Algeria’s top oilman pushes for swift industry change
TUNIS - Algeria’s oil and gas industry is changing quickly behind the country’s new business chief who looks to make important changes gains in the crucial hydrocarbons sector.
Since his appointment as chief executive officer of state-owned energy group Sonatrach in March 2017, Abdelmoumen Ould Kaddour has struck extensions and contracts with leading firms, including Total and ENI, worth billions of US dollars.
Ould Kaddour said Sonatrach had hired US law firm Curtis, Mallet-Prevost, Colt & Mosle and other American consultancies to help revise the country’s energy law to bring in much-needed investment and new technology.
Algeria, an OPEC member and major gas supplier to Europe, has worked to attract foreign investors but tough legal conditions, high taxes and red tape have been prohibitive. Competing visions of the country’s energy law, as well as the dominant role of Algeria’s old guard that is wary of a US presence, have stalled reforms.
Ould Kaddour, however, says reforms are needed to tap into huge shale reserves.
“The sooner we have an attractive law, the better,” Ould Kaddour said in an interview with Algerian daily Le Quotidien d’Oran. “Foreign firms want to know how much they will get when they will invest.”
Algerian experts said the lack of foreign investment and technology left Sonatrach to invest in its resources alone, with no significant discoveries to bolster reserves.
“Sonatrach had deployed all its resources to expand output capacities in the recent years in the absence of hoped-for foreign investors. This colossal work had led to the depletion of its resources namely since the decline of oil prices in 2014,” said Ali Tatouche, an instructor at the state-run Algerian Energy Institute.
“This is the main argument behind the push by government to change the law on hydrocarbons.”
Algeria is the third-largest oil producer in Africa and the largest natural gas producer in the continent. However, oil and natural gas production has declined in the past decade, pressuring the Algerian government to amend laws to attract foreign investment.

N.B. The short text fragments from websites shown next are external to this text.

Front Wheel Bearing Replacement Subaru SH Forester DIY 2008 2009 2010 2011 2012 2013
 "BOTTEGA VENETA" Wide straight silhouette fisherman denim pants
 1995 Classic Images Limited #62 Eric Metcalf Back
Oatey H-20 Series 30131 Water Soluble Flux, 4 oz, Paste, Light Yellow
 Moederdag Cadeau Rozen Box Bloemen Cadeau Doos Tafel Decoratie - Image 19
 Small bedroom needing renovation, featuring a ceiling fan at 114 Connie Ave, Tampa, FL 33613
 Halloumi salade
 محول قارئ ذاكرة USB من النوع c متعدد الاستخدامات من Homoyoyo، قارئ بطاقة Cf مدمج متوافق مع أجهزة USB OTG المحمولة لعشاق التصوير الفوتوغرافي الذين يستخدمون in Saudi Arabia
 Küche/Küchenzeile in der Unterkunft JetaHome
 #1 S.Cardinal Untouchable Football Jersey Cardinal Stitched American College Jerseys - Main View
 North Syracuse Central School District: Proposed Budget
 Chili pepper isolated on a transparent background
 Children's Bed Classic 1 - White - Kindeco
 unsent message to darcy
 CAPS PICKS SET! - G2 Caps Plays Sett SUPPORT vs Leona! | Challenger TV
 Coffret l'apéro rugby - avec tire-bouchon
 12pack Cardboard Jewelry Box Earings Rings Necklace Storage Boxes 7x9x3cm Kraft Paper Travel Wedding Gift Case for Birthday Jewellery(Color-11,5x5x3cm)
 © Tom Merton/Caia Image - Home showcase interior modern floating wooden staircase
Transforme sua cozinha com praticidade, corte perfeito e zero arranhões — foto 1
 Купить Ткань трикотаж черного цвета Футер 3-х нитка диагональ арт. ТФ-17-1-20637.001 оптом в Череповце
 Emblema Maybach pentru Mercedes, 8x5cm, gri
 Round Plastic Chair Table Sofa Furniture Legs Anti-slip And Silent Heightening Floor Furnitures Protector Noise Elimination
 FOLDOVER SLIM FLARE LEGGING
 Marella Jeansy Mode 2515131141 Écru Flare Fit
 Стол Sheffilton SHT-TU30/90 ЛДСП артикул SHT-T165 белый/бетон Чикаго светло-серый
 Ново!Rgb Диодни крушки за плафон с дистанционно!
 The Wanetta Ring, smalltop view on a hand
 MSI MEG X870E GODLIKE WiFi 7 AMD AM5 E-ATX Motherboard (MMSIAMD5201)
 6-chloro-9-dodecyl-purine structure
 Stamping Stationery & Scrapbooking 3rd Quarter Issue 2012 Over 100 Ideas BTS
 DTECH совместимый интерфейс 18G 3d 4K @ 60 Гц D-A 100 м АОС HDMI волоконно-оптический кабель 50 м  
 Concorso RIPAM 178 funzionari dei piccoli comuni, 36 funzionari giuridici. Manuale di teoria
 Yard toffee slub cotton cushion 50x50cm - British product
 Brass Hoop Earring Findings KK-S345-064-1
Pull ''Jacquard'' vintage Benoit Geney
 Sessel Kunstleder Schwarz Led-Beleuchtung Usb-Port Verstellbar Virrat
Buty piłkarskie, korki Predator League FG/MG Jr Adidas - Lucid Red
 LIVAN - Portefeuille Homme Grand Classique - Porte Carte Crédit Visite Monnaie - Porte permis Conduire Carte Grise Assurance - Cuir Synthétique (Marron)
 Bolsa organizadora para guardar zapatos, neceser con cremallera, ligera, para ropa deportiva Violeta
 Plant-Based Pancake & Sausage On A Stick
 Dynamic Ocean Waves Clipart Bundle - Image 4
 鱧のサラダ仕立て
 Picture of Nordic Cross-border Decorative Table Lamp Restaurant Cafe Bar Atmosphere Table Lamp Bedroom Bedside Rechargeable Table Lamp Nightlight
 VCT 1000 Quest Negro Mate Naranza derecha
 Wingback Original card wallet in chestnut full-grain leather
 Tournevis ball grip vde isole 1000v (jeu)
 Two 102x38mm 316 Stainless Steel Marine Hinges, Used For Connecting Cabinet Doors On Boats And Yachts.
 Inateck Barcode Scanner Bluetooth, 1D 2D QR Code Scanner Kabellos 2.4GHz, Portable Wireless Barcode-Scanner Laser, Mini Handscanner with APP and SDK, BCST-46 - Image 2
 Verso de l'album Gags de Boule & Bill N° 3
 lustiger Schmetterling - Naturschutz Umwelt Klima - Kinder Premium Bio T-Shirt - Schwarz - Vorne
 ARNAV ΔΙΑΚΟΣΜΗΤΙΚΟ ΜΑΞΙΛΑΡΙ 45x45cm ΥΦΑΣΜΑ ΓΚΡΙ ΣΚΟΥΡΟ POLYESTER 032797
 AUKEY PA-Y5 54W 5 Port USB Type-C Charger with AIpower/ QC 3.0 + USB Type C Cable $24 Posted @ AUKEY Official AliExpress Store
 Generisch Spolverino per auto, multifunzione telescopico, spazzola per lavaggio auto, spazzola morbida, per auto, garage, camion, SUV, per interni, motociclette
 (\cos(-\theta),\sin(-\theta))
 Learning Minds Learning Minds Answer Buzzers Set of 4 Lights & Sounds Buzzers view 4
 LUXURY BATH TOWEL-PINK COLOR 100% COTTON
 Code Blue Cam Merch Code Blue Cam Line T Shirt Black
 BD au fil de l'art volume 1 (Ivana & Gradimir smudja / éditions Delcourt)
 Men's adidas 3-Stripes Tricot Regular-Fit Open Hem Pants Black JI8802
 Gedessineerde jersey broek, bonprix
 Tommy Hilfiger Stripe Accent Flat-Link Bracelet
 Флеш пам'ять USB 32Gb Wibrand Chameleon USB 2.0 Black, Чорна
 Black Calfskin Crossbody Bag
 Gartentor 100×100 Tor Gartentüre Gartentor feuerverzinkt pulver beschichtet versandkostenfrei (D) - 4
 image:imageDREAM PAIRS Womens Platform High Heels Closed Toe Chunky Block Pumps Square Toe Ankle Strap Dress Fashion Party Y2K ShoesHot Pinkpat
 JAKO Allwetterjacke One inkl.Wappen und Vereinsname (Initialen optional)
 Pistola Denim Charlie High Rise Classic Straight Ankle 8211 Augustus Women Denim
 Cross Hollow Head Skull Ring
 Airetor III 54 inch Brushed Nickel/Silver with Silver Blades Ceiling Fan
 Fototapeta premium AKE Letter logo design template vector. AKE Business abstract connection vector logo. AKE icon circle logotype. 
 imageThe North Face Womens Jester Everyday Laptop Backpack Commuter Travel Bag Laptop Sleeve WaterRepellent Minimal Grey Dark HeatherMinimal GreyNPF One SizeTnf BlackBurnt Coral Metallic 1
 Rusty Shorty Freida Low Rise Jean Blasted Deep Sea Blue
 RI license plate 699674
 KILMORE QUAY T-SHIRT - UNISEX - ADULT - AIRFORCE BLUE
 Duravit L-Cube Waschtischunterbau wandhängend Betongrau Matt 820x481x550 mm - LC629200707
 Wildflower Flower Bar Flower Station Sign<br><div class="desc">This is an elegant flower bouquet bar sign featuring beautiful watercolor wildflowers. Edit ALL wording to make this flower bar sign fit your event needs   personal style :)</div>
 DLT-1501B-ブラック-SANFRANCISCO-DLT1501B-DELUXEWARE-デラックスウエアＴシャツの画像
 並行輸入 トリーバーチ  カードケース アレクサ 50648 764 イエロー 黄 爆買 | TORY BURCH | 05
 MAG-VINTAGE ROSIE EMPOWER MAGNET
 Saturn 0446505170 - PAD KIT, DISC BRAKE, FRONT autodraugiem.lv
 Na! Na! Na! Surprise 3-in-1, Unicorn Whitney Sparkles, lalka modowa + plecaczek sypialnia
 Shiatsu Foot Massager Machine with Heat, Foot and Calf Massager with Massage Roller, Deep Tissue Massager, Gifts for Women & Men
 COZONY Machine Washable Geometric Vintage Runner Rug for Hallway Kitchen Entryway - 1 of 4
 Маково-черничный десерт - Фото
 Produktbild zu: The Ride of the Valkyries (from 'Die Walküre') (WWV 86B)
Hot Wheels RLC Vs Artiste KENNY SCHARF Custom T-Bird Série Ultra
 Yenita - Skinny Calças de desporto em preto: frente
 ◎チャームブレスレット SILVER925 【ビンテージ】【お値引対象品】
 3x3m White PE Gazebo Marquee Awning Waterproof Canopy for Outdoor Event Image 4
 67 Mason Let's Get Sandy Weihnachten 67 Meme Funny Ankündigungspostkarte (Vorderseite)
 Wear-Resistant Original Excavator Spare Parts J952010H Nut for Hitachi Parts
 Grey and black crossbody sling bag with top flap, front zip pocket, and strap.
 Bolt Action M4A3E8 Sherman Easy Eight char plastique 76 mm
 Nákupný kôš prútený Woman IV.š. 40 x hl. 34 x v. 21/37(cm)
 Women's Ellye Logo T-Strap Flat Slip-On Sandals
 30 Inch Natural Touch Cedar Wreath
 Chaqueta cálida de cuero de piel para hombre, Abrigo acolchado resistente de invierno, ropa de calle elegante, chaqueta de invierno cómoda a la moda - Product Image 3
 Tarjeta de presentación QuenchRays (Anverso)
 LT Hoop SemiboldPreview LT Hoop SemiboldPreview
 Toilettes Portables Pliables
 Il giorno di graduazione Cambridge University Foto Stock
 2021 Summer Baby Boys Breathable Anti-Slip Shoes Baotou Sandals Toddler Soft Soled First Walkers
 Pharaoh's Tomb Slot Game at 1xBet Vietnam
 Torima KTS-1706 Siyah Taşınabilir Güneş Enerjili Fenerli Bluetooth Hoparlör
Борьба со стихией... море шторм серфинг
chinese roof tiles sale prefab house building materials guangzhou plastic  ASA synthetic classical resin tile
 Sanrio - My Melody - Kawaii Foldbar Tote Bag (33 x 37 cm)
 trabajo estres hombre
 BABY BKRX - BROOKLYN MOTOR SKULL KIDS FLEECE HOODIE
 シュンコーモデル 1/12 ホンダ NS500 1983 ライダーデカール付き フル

Analysts said Algeria’s leaders were betting on Ould Kaddour, who has links to the American energy industry, to bring in US firms that could help Algeria develop its shale industry and increase output from older fields.
Foreign companies have been reluctant to invest in Algeria’s energy sector because the law mandates Sonatrach maintain a 51% share in any joint venture involving exploration, production, transportation and refining activities, on top of taxes that increase with oil prices and revenues.
“The revised law will bring us foreign investors. Since the last law was enacted (in 2006), no new investor came,” said Ould Kaddour. “The majority stake for Sonatrach of 51% is not the problem for foreign investors. The fundamental aim for them is the fairness in sharing the gains.
“If we want to develop new reserves we need expertise and technology.”
The turn towards the United States is an indication of the industry’s vulnerability, analysts said. They cited Algerian President Abdelaziz Bouteflika’s warning that, if the United States had a significant footprint in Algeria, it would have invaded the country, as it did Iraq.
“By picking Ould Kaddour in March 2017 as the head of Sonatrach, Algerian leaders underlined their willingness to draw closer to the Americans,” said Algerian analyst Mokrane Ait Ouarabi.
In 2007, Ould Kaddour was sentenced to two years in prison after being convicted of betraying Algerian economic secrets to foreign interests when he worked for an Algerian-US engineering venture owned by Sonatrach and oil services firm Halliburton.
“Like the Americans, Ould Kaddour advocated tapping shale gas despite the opposition of environment defenders,” Ait Ouarabi said. “Algerian leaders seek in their rapprochement the US umbrella for their future political and economic projects.”
Former Sonatrach CEO Abdelmadjid Attar said the share of oil and gas Algeria exports abroad will diminish by 2025, resulting in less revenue unless hydrocarbon reserves are renewed.
“Developing shale gas is no more a choice for Algeria. It is an obligation,” he said.
Sonatrach announced plans to invest at least $70 billion by 2035 to produce some 20 billion cubic metres of shale gas per year from 200 drill sites. However, demonstrations rocked Algeria’s southern desert town of In Salah in 2015 after Sonatrach said it had completed its first pilot drilling.
Environmentalists argue that the process, known as hydraulic fracturing technology — fracking — can contaminate ground water and cause small earthquakes.
Algiers shelved shale projects out of concerns about the country’s political stability.
Ould Kaddour’s efforts, however, point to a new era of energy in Algeria.
“Algeria has the third largest shale gas reserves in the world. This assessment is made by top professionals in that field,” Ould Kaddour said.
He promised good jobs and training for gas-producing regions. He invited activists in those regions to visit Argentina, Canada and the United States to see that the “shale gas industry is not a poison.”